Menina Ágatha Vitória foi atingida com tiro de fuzil nas costas e morreu. Caso é semelhante ao da jovem Karolayne, em 2017
Arquivo pessoal
Menina Ágatha Vitória foi atingida com tiro de fuzil nas costas e morreu. Caso é semelhante ao da jovem Karolayne, em 2017

A morte da menina Ágatha Félix, de 8 anos, no último dia 20, na localidade conhecida como Fazendinha, no Complexo do Alemão, fez reacender o desejo de justiça de uma mãe que
sofre desde o dia 9 de janeiro de 2018 pela perda da filha. E nesta terça-feira (1º), a reconstituição do crime pode aumentar esse sofrimento , que começou do mesmo jeito e no
mesmo local onde a criança foi atingida por um tiro de fuzil nas costas.

A vendedora autônoma Jaqueline Nunes Cardoso, de 39 anos, perdeu a filha e a futura neta que estava no ventre de Karolayne Nunes de Almeida Alves, atingida por três tiros de fuzil no dia 12 de dezembro de 2017 ao ficar, com o marido, entre policiais militares da Unidade de Polícia Pacificadora (UPP) local e dois homens em uma motocicleta que passaram pelo casal fazendo disparos para o alto.

Ao identificar sua dor pela perda da filha com o sofrimento de Vanessa Francisco Sales, mãe de Ágatha , Jaqueline decidiu ir ao enterro do corpo da criança, no Cemitério de Inhaúma, o mesmo onde está enterrado o corpo de Karolayne. Para Jaqueline, a tragédia da família Félix a fez acordar para a realidade. Ao ir ao cemitério, ela se sentiu forçada a visitar pela primeira vez a gaveta onde está o caixão com o corpo da filha.
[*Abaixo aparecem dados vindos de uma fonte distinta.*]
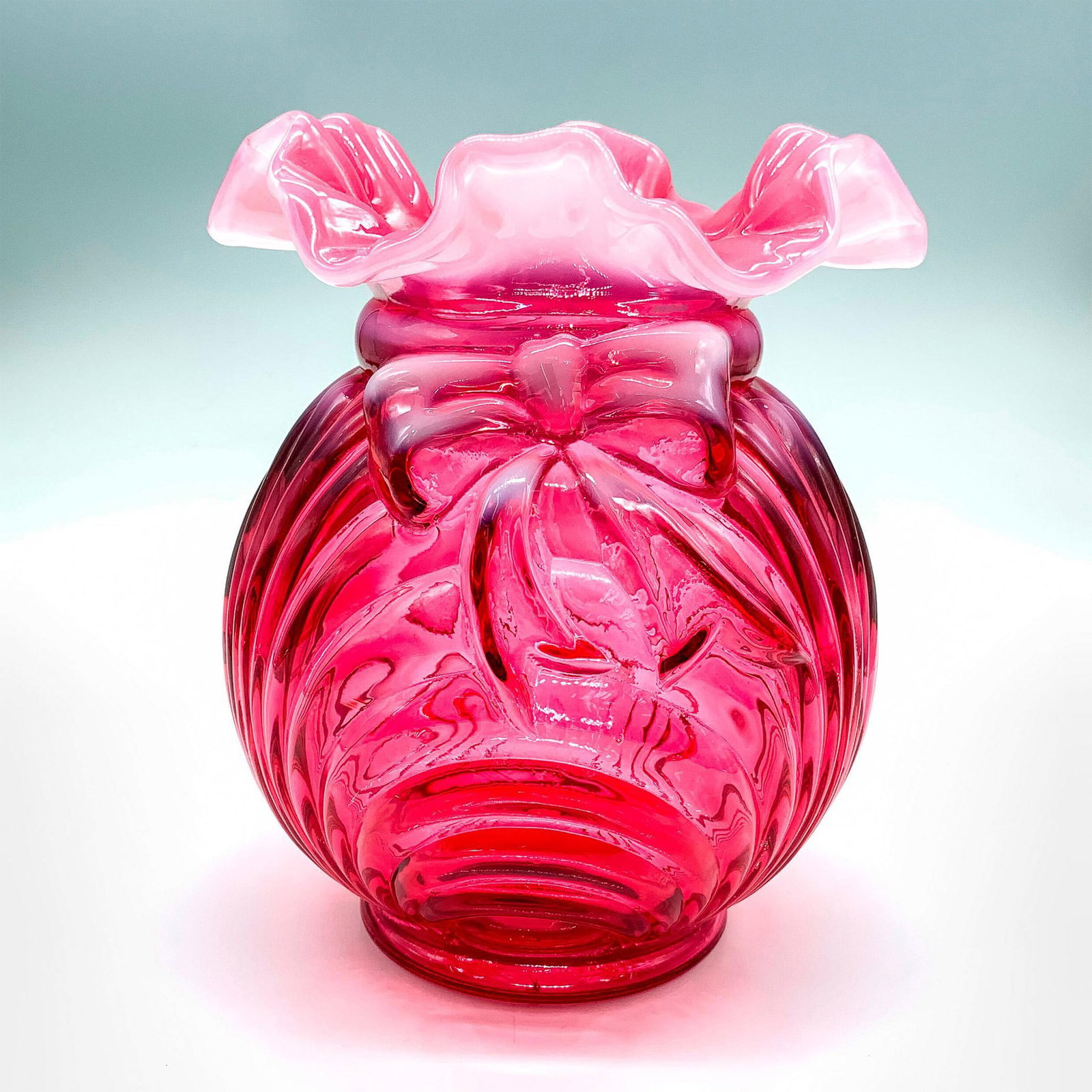 Fenton Art Glass Country Cranberry Caprice Vase With Bow: Beautiful vase with embossed ridges in cranberry color with unique white frosting on the ruffled rim and bow. Fenton stamp on the bottom. Dimensions: 5.25"dia. x 6.25"H Manufacturer: Fenton Country of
"Há uma ligação divina entre as tragédias da Ágatha e da minha filha. Depois é que eu entendi o porquê de eu ter ficado muito ligada no caso. Os crimes aconteceram no mesmo lugar e à noite. Eu sei o que essa mãe está passando. Foi uma coisa comigo e Deus. Quando cheguei no cemitério, onde nunca tinha ido para ver a gaveta onde está o corpo de minha filha, me senti forçada a ir até ela. E foi neste momento que caiu em mim a ficha dizendo que minha filha não voltará jamais", relatou.
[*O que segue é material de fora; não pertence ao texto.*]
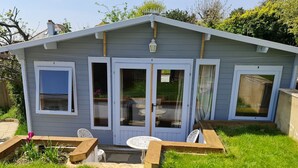 A small, single-story house with a patio area featuring a table and chairs.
"Meu marido nem sabe disso, mas fui até a gaveta onde está o corpo de nossa filha e fiz uma fotografia. Eu caí na real diante do sofrimento de mais uma família. Eu fiquei desnorteada. Liguei para o meu esposo e vim sozinha pela rua debaixo de chuva com o guarda-chuvas na mão, fechado. Nem me toquei que eu estava com o chapéu na mão", acrescentou.

O marido de Karolayne, o militar da Brigada Paraquedista do Exército Ailton Costa, reconheceu um dos dois policiais militares que atiraram contra a dupla na moto como o autor
dos tiros que atingiram sua mulher, então grávida de cinco meses e meio de Lorena. Porém, isso não foi suficiente para auxiliar as investigações da Polícia Civil, que nem a reconstituição do crime fez porque a Justiça considerou o local uma área de risco para o procedimento. Jaqueline reclama do descaso das autoridades.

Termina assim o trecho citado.